Task objective
From the entries that follow, copy exactly the lines beginning at the line holding "330 E SANDY OAKS DR, Sandy, UT 84070" and continuing through the line holding "Load image into".

Data extracts

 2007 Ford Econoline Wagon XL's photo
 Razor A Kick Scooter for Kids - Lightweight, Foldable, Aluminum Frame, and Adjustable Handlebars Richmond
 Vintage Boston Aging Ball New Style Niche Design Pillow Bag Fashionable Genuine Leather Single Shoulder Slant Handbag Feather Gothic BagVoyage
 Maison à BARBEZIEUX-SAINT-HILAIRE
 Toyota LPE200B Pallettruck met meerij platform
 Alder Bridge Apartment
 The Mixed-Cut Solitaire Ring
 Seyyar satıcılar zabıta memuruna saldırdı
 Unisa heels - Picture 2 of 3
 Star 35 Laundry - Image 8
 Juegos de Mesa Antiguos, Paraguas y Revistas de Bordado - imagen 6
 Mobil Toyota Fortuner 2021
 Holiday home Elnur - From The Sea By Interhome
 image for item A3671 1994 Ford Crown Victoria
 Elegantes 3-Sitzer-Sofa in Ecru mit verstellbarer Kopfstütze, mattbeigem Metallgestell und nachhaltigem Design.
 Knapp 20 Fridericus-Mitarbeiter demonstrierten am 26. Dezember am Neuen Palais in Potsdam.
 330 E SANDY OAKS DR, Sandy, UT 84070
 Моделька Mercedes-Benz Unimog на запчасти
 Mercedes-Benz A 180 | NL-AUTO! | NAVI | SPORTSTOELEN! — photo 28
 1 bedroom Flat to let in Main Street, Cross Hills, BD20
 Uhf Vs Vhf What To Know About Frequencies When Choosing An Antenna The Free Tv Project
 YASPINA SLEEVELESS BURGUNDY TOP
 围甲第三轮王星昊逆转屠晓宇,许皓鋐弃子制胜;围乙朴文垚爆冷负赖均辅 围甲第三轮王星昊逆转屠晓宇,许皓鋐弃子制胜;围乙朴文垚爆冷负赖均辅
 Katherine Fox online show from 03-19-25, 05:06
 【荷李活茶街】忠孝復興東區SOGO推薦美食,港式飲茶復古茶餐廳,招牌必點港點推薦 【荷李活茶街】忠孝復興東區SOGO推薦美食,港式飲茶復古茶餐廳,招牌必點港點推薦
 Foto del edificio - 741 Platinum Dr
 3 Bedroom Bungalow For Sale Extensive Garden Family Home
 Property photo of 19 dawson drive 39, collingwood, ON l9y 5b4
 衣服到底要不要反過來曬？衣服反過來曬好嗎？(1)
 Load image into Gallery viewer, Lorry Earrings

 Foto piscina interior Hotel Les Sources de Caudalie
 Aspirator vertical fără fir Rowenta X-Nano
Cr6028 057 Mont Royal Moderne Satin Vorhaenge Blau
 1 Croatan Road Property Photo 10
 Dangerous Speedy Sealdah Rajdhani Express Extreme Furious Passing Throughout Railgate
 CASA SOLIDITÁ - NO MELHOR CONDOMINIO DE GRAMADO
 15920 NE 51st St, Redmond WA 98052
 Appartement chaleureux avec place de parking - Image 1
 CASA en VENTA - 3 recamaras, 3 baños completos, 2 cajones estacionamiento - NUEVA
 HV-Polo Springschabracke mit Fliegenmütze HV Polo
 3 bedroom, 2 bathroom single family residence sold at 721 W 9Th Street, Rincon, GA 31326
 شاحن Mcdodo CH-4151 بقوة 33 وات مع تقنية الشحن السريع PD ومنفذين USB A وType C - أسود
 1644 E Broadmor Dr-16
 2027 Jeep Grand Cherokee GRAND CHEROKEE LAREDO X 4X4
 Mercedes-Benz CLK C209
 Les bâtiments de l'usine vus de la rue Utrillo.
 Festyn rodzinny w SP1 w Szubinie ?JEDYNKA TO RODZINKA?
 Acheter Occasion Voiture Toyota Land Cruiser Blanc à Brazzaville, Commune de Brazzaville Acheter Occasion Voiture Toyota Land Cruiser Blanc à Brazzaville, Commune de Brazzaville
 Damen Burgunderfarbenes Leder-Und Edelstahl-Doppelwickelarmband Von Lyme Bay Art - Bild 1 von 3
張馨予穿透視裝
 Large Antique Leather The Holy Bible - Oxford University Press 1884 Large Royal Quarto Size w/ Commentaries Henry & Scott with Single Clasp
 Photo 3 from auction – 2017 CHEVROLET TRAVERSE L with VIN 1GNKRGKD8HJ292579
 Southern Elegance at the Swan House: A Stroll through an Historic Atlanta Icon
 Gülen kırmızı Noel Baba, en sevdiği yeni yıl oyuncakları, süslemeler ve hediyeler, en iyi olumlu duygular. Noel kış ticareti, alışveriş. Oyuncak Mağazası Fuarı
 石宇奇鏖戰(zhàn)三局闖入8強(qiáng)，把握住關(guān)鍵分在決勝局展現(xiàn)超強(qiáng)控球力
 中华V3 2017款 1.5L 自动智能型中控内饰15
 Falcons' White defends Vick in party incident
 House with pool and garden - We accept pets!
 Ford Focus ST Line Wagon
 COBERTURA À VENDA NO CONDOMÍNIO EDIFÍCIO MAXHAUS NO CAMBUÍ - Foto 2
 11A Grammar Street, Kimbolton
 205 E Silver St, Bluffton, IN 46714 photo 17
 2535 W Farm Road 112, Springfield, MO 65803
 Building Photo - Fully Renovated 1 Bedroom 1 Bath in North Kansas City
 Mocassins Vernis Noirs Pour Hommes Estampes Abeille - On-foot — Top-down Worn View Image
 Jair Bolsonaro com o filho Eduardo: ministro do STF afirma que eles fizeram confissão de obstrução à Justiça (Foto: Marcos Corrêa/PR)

Output for this task
 330 E SANDY OAKS DR, Sandy, UT 84070
 Моделька Mercedes-Benz Unimog на запчасти
 Mercedes-Benz A 180 | NL-AUTO! | NAVI | SPORTSTOELEN! — photo 28
 1 bedroom Flat to let in Main Street, Cross Hills, BD20
 Uhf Vs Vhf What To Know About Frequencies When Choosing An Antenna The Free Tv Project
 YASPINA SLEEVELESS BURGUNDY TOP
 围甲第三轮王星昊逆转屠晓宇,许皓鋐弃子制胜;围乙朴文垚爆冷负赖均辅 围甲第三轮王星昊逆转屠晓宇,许皓鋐弃子制胜;围乙朴文垚爆冷负赖均辅
 Katherine Fox online show from 03-19-25, 05:06
 【荷李活茶街】忠孝復興東區SOGO推薦美食,港式飲茶復古茶餐廳,招牌必點港點推薦 【荷李活茶街】忠孝復興東區SOGO推薦美食,港式飲茶復古茶餐廳,招牌必點港點推薦
 Foto del edificio - 741 Platinum Dr
 3 Bedroom Bungalow For Sale Extensive Garden Family Home
 Property photo of 19 dawson drive 39, collingwood, ON l9y 5b4
 衣服到底要不要反過來曬？衣服反過來曬好嗎？(1)
 Load image into Gallery viewer, Lorry Earrings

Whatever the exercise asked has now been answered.